*Required work*: Begin at the line containing "Party Wear Organza" and restate it and each line after it exactly, up to and including the last line below. Leave pictures out.

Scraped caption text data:
== == ==
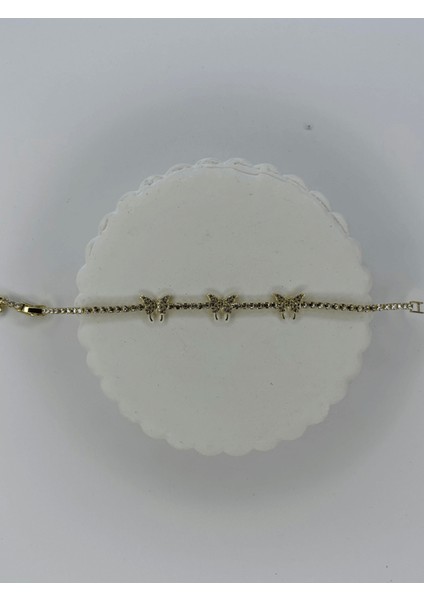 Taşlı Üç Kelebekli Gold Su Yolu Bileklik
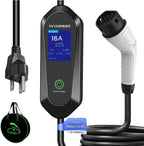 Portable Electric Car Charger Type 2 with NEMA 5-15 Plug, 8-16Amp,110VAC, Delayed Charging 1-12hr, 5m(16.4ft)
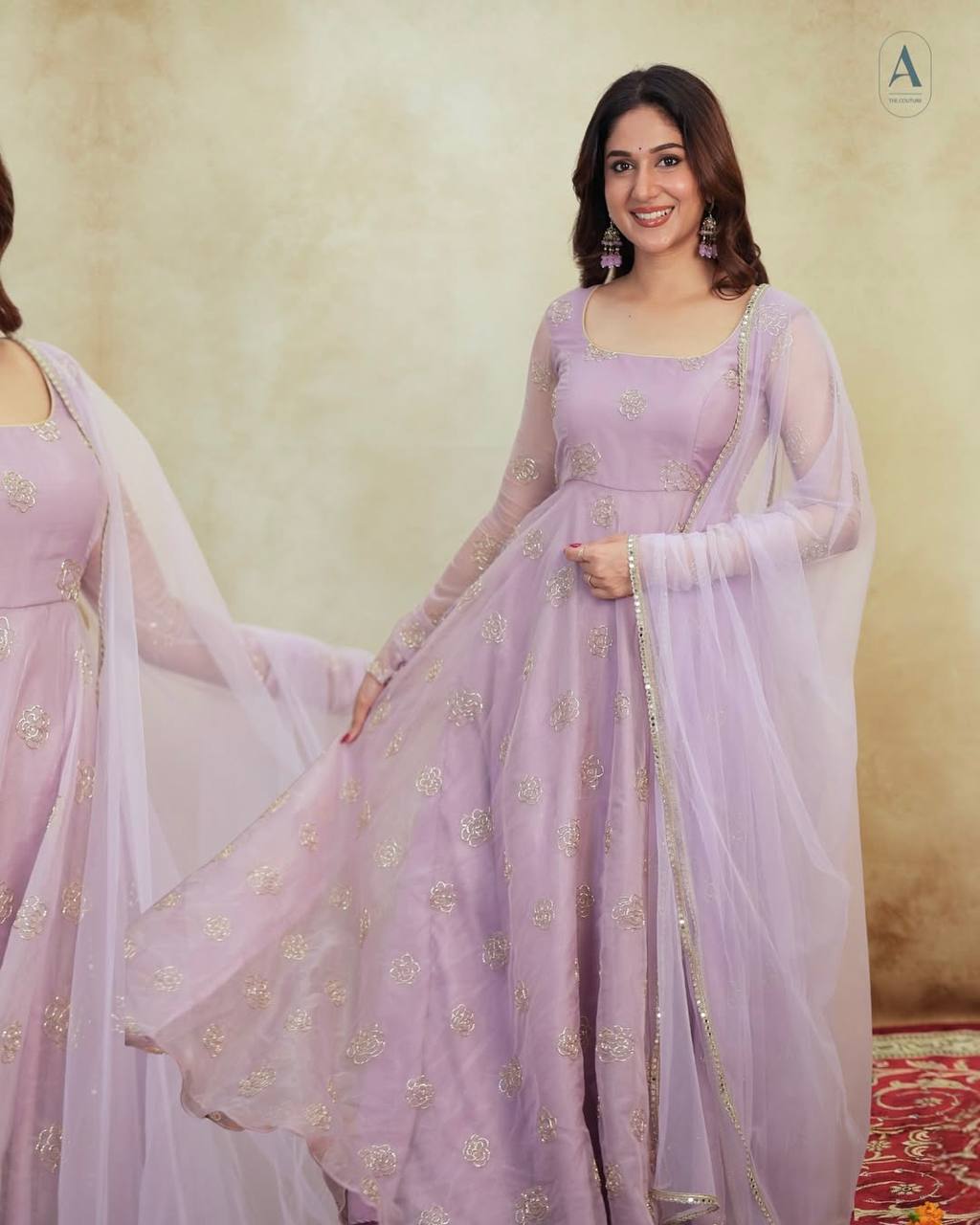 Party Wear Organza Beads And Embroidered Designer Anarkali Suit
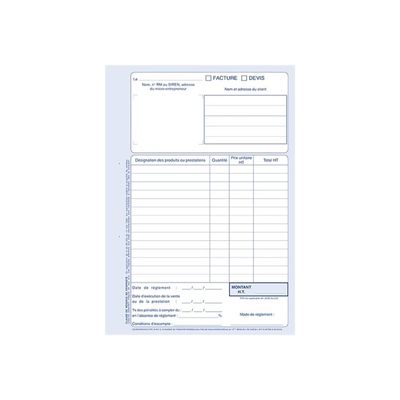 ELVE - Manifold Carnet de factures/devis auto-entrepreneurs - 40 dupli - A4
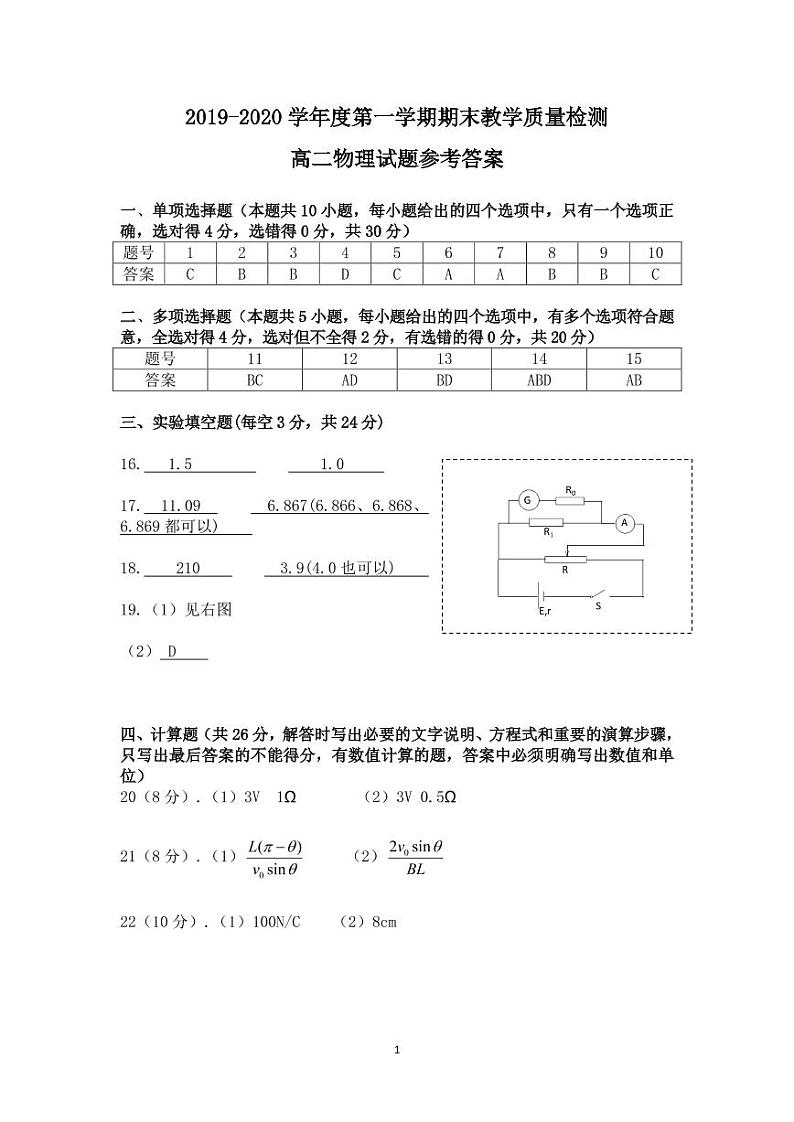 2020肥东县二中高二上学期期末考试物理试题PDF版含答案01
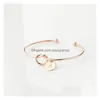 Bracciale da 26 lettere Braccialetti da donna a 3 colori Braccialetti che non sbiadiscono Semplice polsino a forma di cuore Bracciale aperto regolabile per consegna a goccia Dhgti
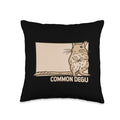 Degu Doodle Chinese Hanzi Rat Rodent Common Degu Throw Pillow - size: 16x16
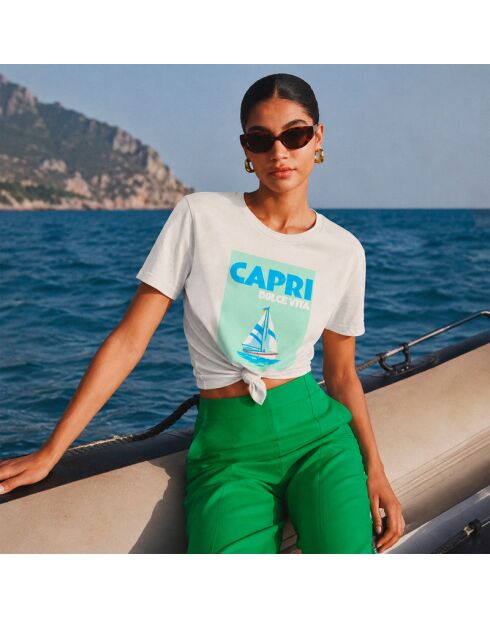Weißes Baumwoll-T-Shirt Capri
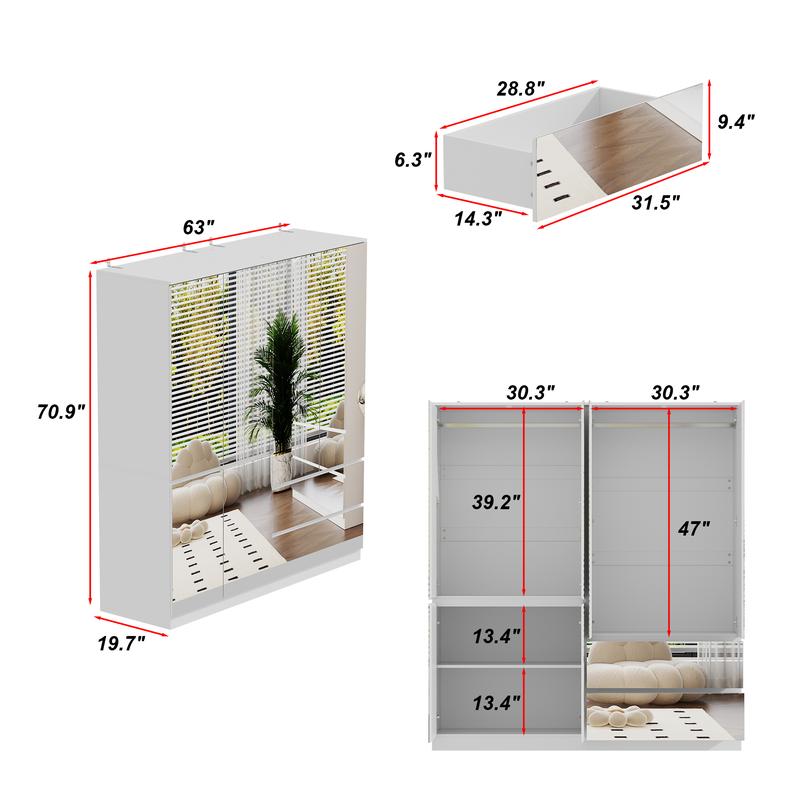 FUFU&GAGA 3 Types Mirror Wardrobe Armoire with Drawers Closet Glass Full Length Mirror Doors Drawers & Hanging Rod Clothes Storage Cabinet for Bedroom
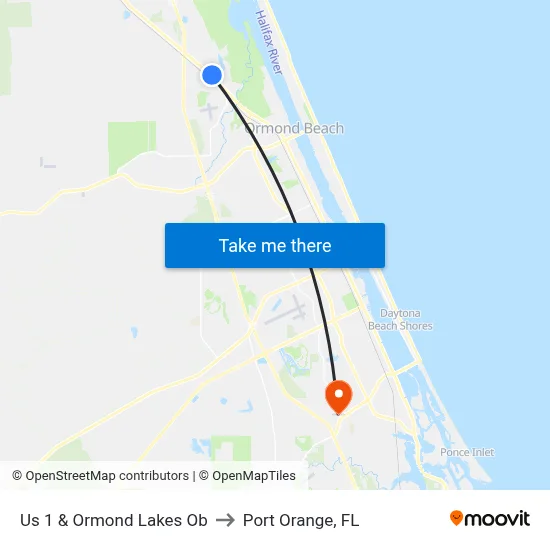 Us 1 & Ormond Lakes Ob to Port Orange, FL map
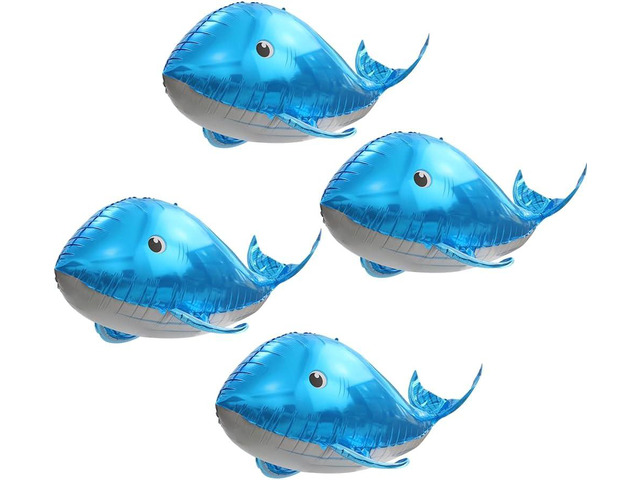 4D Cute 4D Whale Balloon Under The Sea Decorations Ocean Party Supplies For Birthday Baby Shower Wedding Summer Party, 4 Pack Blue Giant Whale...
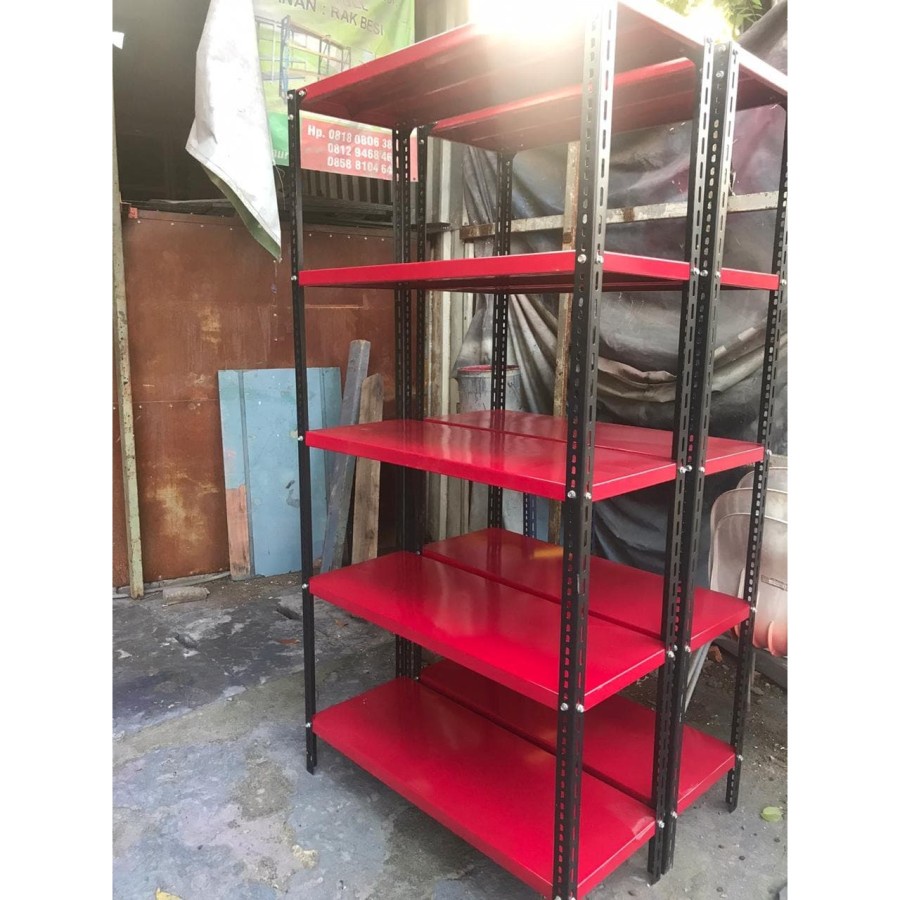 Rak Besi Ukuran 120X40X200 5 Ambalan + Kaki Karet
== == ==
*Expected answer*:
 Party Wear Organza Beads And Embroidered Designer Anarkali Suit
 ELVE - Manifold Carnet de factures/devis auto-entrepreneurs - 40 dupli - A4
 2020肥东县二中高二上学期期末考试物理试题PDF版含答案01
 Bracciale da 26 lettere Braccialetti da donna a 3 colori Braccialetti che non sbiadiscono Semplice polsino a forma di cuore Bracciale aperto regolabile per consegna a goccia Dhgti
 Degu Doodle Chinese Hanzi Rat Rodent Common Degu Throw Pillow - size: 16x16
Weißes Baumwoll-T-Shirt Capri
 FUFU&GAGA 3 Types Mirror Wardrobe Armoire with Drawers Closet Glass Full Length Mirror Doors Drawers & Hanging Rod Clothes Storage Cabinet for Bedroom
 Us 1 & Ormond Lakes Ob to Port Orange, FL map
 4D Cute 4D Whale Balloon Under The Sea Decorations Ocean Party Supplies For Birthday Baby Shower Wedding Summer Party, 4 Pack Blue Giant Whale...
 Rak Besi Ukuran 120X40X200 5 Ambalan + Kaki Karet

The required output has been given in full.